Even the most ambitious members of the fourth estate haven’t been able to digest the full contents of the leaks in the weeks since an organization acting as an intermediary for Guacamaya began providing access to the stolen files. But journalists are eagerly nibbling on a veritable feast of data and reporting on what they’ve found. I have not downloaded it but have been reading the Mexican press.

One conclusion that’s hard to avoid from the tidbits shared so far is that the army has a lot of information about alleged connections between the political class—including the ruling party—and organized crime.

Mexico has five regional intelligence-gathering centers that combine the work of agents from the defense ministry, the Navy, the National Intelligence Center, the National Guard, the attorney general and the office of security and citizen protection, or SSPC. These agents gather information and file reports that are combined and sent to the National Intelligence Fusion Center, which is the country’s nerve center for security intelligence.

An Oct. 5 story on the hacked data by the Mexican newspaper Proceso said that during his time as governor of Tabasco,

Adán Augusto López Hernández

put three men in positions of authority at the local SSPC and in the Tabasco State Police who were named by the southeast intel center “as members of the Jalisco New Generation Cartel.” According to Proceso, the southeast intelligence center “even referred to one of them as the ‘alleged leader’ ” of another criminal group in Tabasco: “Hernán Bermúdez Requeña, who remains at the head” of the SSPC in the state.
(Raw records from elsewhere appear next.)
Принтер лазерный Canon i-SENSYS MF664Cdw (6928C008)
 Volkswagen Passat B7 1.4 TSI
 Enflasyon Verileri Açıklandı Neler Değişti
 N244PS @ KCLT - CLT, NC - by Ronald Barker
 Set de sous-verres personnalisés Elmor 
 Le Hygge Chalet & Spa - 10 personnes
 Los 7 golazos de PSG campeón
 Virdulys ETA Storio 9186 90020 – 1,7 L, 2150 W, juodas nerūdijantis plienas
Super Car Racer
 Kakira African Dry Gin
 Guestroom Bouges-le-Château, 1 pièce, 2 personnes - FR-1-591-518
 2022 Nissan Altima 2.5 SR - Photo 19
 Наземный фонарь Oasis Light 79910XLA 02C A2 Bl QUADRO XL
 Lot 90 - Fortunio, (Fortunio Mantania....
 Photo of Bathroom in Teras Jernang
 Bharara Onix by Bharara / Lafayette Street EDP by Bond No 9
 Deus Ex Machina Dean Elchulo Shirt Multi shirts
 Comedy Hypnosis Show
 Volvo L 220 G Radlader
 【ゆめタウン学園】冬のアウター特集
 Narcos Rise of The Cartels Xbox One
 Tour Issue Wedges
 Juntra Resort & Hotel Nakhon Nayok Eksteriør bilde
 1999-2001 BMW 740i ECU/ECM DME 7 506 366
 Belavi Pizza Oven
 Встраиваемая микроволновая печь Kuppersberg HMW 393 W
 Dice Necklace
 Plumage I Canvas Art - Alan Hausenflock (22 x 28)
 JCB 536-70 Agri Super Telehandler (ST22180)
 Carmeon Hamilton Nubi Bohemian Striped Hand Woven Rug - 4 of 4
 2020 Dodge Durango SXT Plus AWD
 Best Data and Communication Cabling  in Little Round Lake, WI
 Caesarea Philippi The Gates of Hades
According to Aristegui Noticias, another Mexican news outlet, there are a total of five intelligence reports in the leaks—one in 2019, three in 2021 and one in August—linking Mr. Bermúdez to crime groups.

This might be chalked up to local links between the narcos and politicians except that Tabasco is the president’s home state and former Gov.

López Hernández

is now the president’s minister of government—the de facto deputy president.

Proceso reported Mr. Bermúdez’s claim that the criminal group he is alleged to lead doesn’t exist. He stressed that he “cannot answer for the 7,000 police under his command” and “he questioned the veracity of the hacked Sedena documents,” the paper wrote. Proceso said that Mr. López Hernández didn’t respond to requests for comment.

The U.S. war on drugs inevitably corrupts institutions. Mexico’s large and wealthy neighbor with an appetite for consuming illegal substances was bound to enrich the Latin underworld, which was bound to use its profits to bribe officials and weaponize its operations.

Yet organized crime is now tearing Mexico apart, and allegations that Mr. López Obrador’s own cabinet members are part of it can’t be shrugged off. For the sake of the nation and of people like Mr. Bermúdez, who maintains his innocence, an investigation seems in order. Short of compromising operations, Mexicans also deserve to know what action has been taken using the reports.

AMLO, as the president is known, has said there won’t be any investigation. Sedena has remained silent. This is generating the sense of a coverup and fears that Mexican authorities, out of greed or terror, have given in to the cartels.

There is also fresh evidence from the hack that the military demands a greater role in the economy. Writing for the online news outlet Latinus on Oct. 3, Isabella González explained that the leaked emails reveal a plan for two new military companies to serve tourists on the Yucatán Peninsula, which would become “the seventh and eighth companies established by the Army since [AMLO] took office.”

If this weren’t enough to unnerve Mexicans, the Mexican NGO Network for the Defense of Digital Rights, working with other transparency groups including the Toronto-based Citizen Lab, alleged earlier this month that since 2019 the government has used Pegasus spyware to hack into devices of at least one human-rights activist and two journalists. Pegasus is designed to track terrorists and criminals, but former President

Enrique Peña Nieto

was accused in 2017 of using it to spy on his political adversaries. AMLO has promised those days are over. But then AMLO has made lots of promises, many of which seem to have slipped away.